Incidentally Caltrans Division of Rail (now Rail and Mass Transportation) still handles the bus contract, NOT the JPAs. Because of the network connections they will handle the bus system for the foreseeable future, although routes that are only dedicated to one train may end up turned over to the JPAs. Some JPAs have interesting ideas for cutting costs: in one of the original SJJPA Draft Business Plan documents there was talk of combining the Victorville and Inland Empire buses into a milk run route going from the Coachella Valley to Bakersfield via the Antelope Valley. Amtrak California buses in my experience are pretty reliable although they have their quirks.


----------



## rickycourtney (Jul 22, 2015)

Swadian Hardcore said:


> Ricky, I agree with you, but I just don't see how $511k per unit is a good price for a poor bus, especially for such a large order. Perhaps it was quality cuts, rather than profit cuts. Or perhaps Prevost simply couldn't get that many buses built in time.
> 
> The way I see it is pretty simple. We know the New D's are not very good, or inconsistent at best. Yet NJT keeps ordering huge numbers of them. They're not very cheap, and not very good.


No they're very cheap. We're talking around $495k per coach once you remove the value of the warrantee contract and spare parts. It's likely in the neighborhood of a 10 percent discount. That seems incredibly low to me.

Having never rode on a D4500CT operated by NJT, I have no frame of reference. They may have lots of experience dealing with MCI coaches.

I prefer Prevost too, but I've honestly never had an issue on a D4500CT.

From my slightly educated opinion it seems like MCI was bidding aggressively on this order so they can keep the D series production line up and running, while Prevost was less aggressive because they can make more money on a future New York MTA order. What's interesting to me is to see who wins the smaller 5 to 50 bus orders over the next seven years. Those orders tend to have higher margins, but with two players, there could be more of a fight.



Swadian Hardcore said:


> I apologize for going OT, but the buses in question are also New D's, a model that likely wouldn't even be in production if not for NJT.

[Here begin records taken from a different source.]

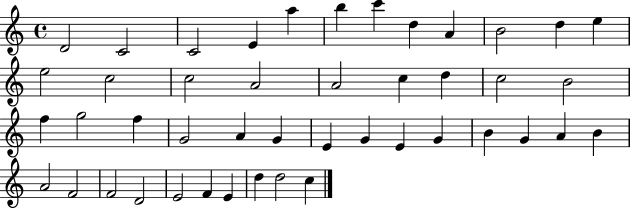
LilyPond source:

{
  \clef treble
  \time 4/4
  \defaultTimeSignature
  \key c \major
  d'2 c'2 | c'2 e'4 a''4 | b''4 c'''4 d''4 a'4 | b'2 d''4 e''4 | \break e''2 c''2 | c''2 a'2 | a'2 c''4 d''4 | c''2 b'2 | \break f''4 g''2 f''4 | g'2 a'4 g'4 | e'4 g'4 e'4 g'4 | b'4 g'4 a'4 b'4 | \break a'2 f'2 | f'2 d'2 | e'2 f'4 e'4 | d''4 d''2 c''4 | \break \bar "|."
}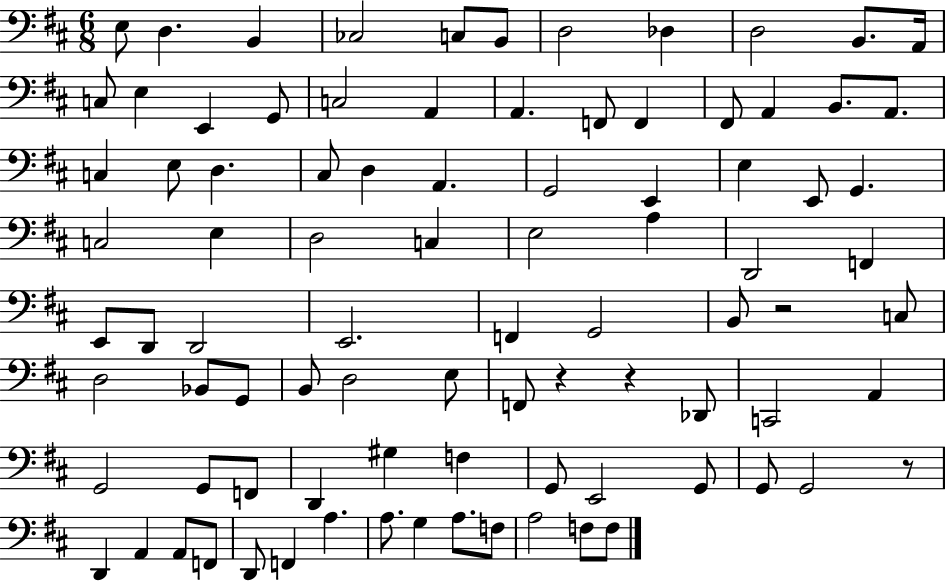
{
  \clef bass
  \numericTimeSignature
  \time 6/8
  \key d \major
  \repeat volta 2 { e8 d4. b,4 | ces2 c8 b,8 | d2 des4 | d2 b,8. a,16 | \break c8 e4 e,4 g,8 | c2 a,4 | a,4. f,8 f,4 | fis,8 a,4 b,8. a,8. | \break c4 e8 d4. | cis8 d4 a,4. | g,2 e,4 | e4 e,8 g,4. | \break c2 e4 | d2 c4 | e2 a4 | d,2 f,4 | \break e,8 d,8 d,2 | e,2. | f,4 g,2 | b,8 r2 c8 | \break d2 bes,8 g,8 | b,8 d2 e8 | f,8 r4 r4 des,8 | c,2 a,4 | \break g,2 g,8 f,8 | d,4 gis4 f4 | g,8 e,2 g,8 | g,8 g,2 r8 | \break d,4 a,4 a,8 f,8 | d,8 f,4 a4. | a8. g4 a8. f8 | a2 f8 f8 | \break } \bar "|."
}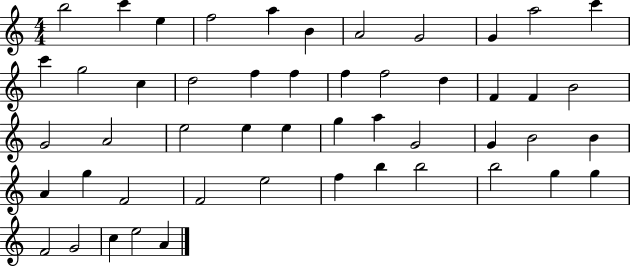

The coach in question could also be a C2045. Despite the shortcomings of the D4505 and the C2045, I've found them to be totally acceptable coaches in Amtrak California service. They're all late model coaches and seem to be well maintained.
Just because Greyhound's D4505 coaches suck, doesn't mean they suck universally.



calwatch said:


> Amtrak California buses in my experience are pretty reliable although they have their quirks.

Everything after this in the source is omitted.